* _Material for the task_:
■ ■ ■

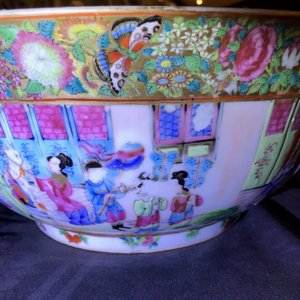 Four Chinese Canton famille rose, Imari-style and blue and white bowls, 18/19th C. — photo 28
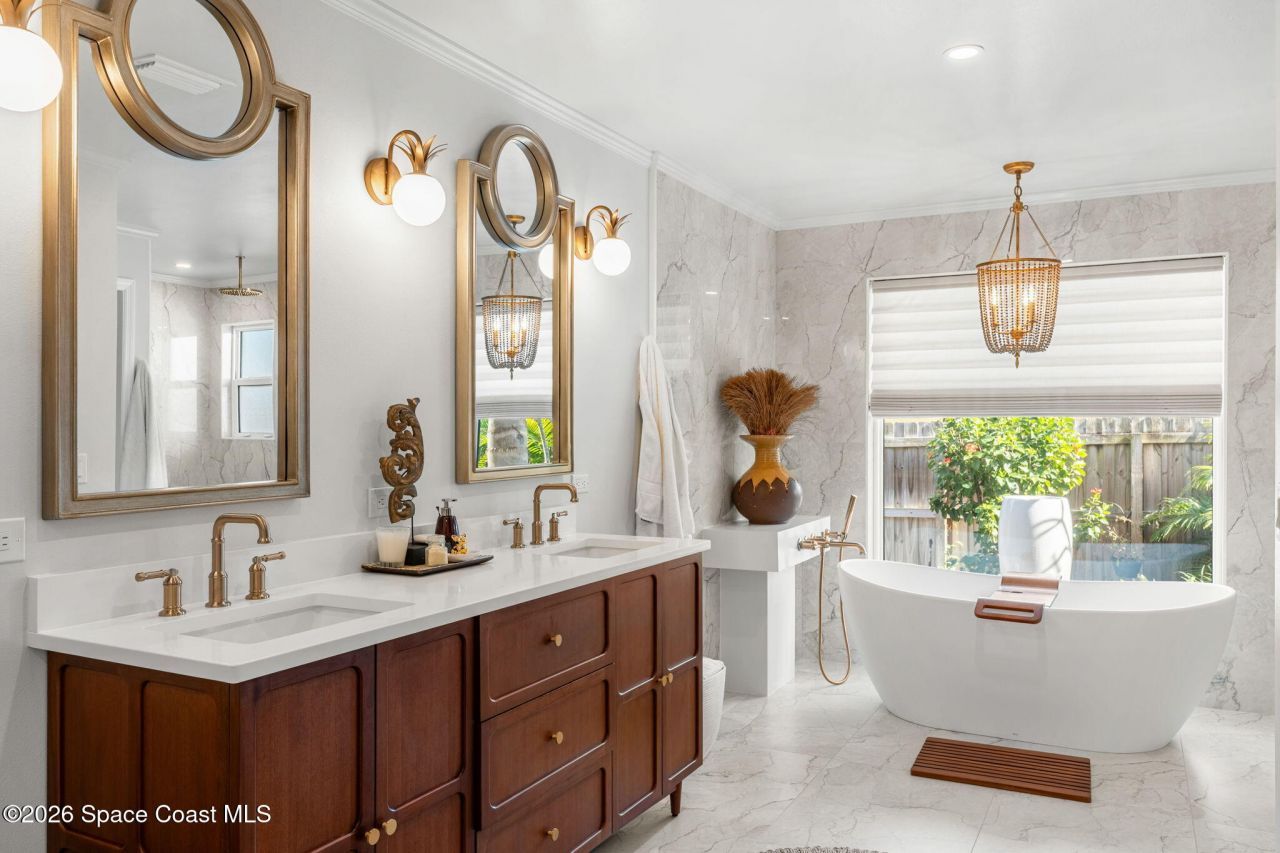 656 Franklyn Avenue, Indialantic, FL 32903 Photo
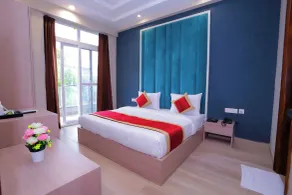 Hotel Nirvana Inn and Banquet-Near Expo Mart Greater Noida - Room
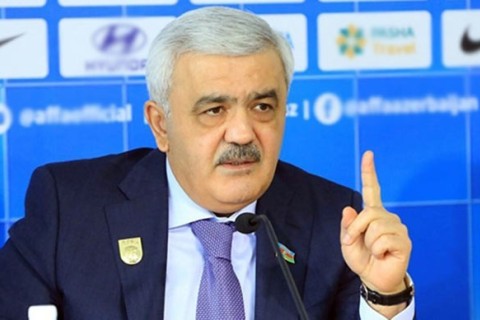 Ровнаг Абдуллаев заявил, что нашему футболу нужно новое дыхание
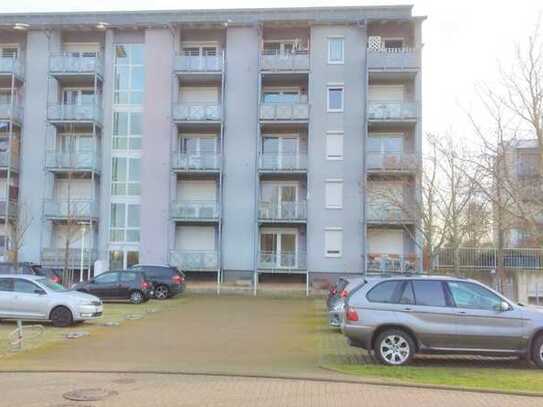 Attraktive 3-Raum-Maisonette-Wohnung mit EB-Küche, Balkon und Aufzug, auf Wunsch TG-Stellplatz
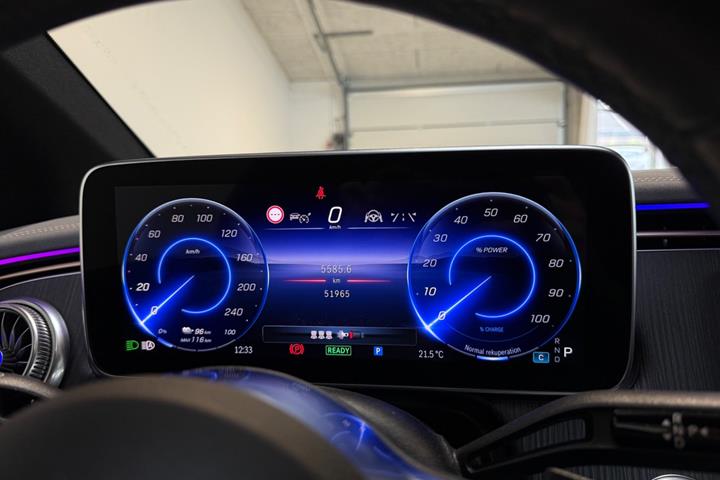 Sort Mercedes EQE350+ fra 2022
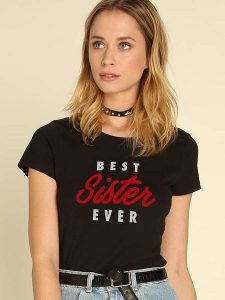 WOOOP Koszulka "Best Sister Ever" w kolorze czarnym rozmiar: L. Czarne bluzki Wooop, l, bez wzorów, z bawełny, bez kołnierzyka, bez ramiączek. Za 70,57 zł.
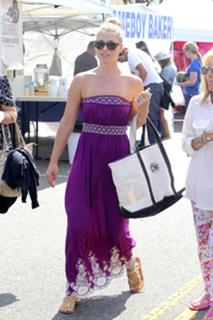 Ali Larter feet photo thumbnail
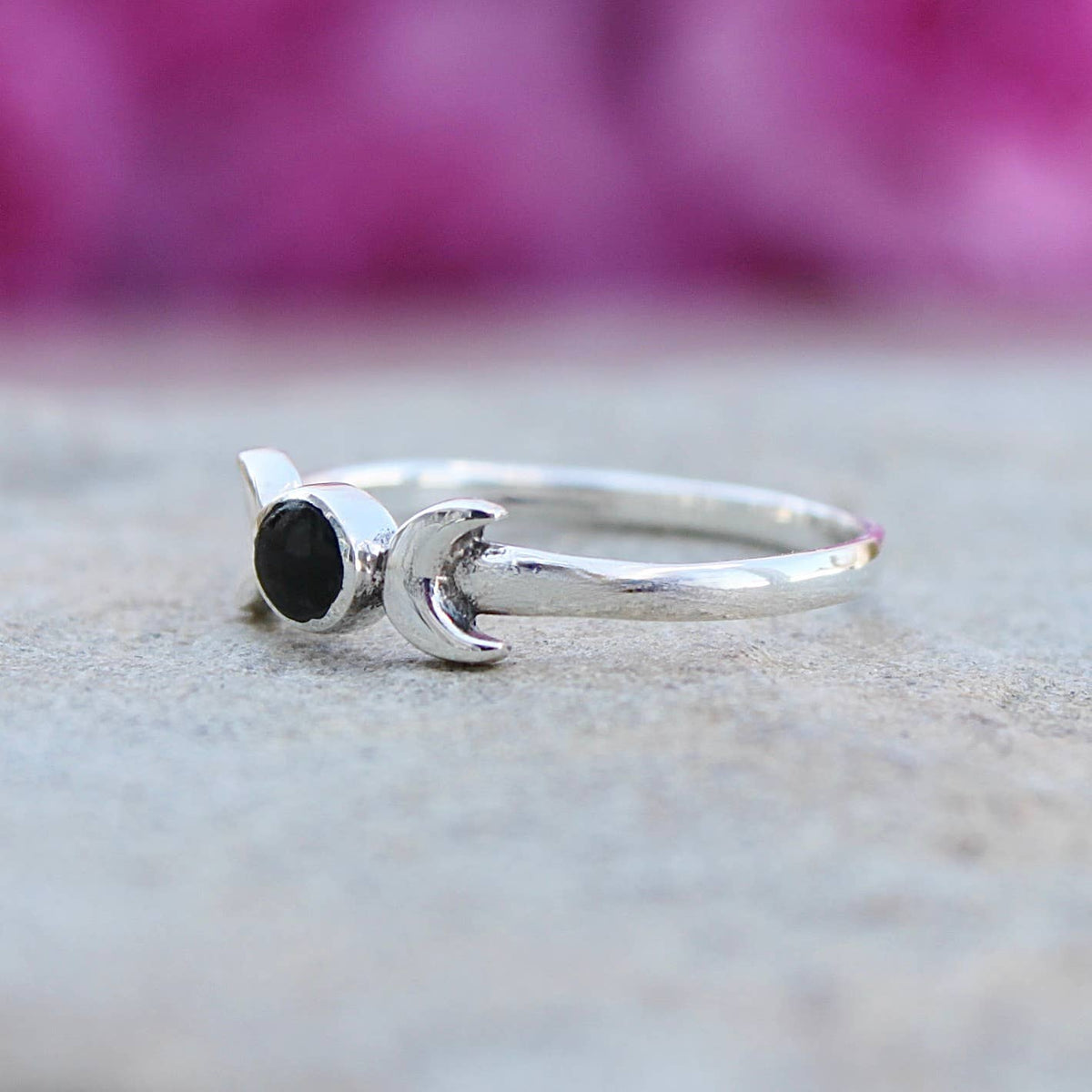 Sterling Silver Moon with Black Agate Single Stone Ring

■ ■ ■

From the line with "Za 70,57 zł." down to the final line of the entries above, repeat each line exactly; omit the pictures.

* _Written answer_:
 WOOOP Koszulka "Best Sister Ever" w kolorze czarnym rozmiar: L. Czarne bluzki Wooop, l, bez wzorów, z bawełny, bez kołnierzyka, bez ramiączek. Za 70,57 zł.
 Ali Larter feet photo thumbnail
 Sterling Silver Moon with Black Agate Single Stone Ring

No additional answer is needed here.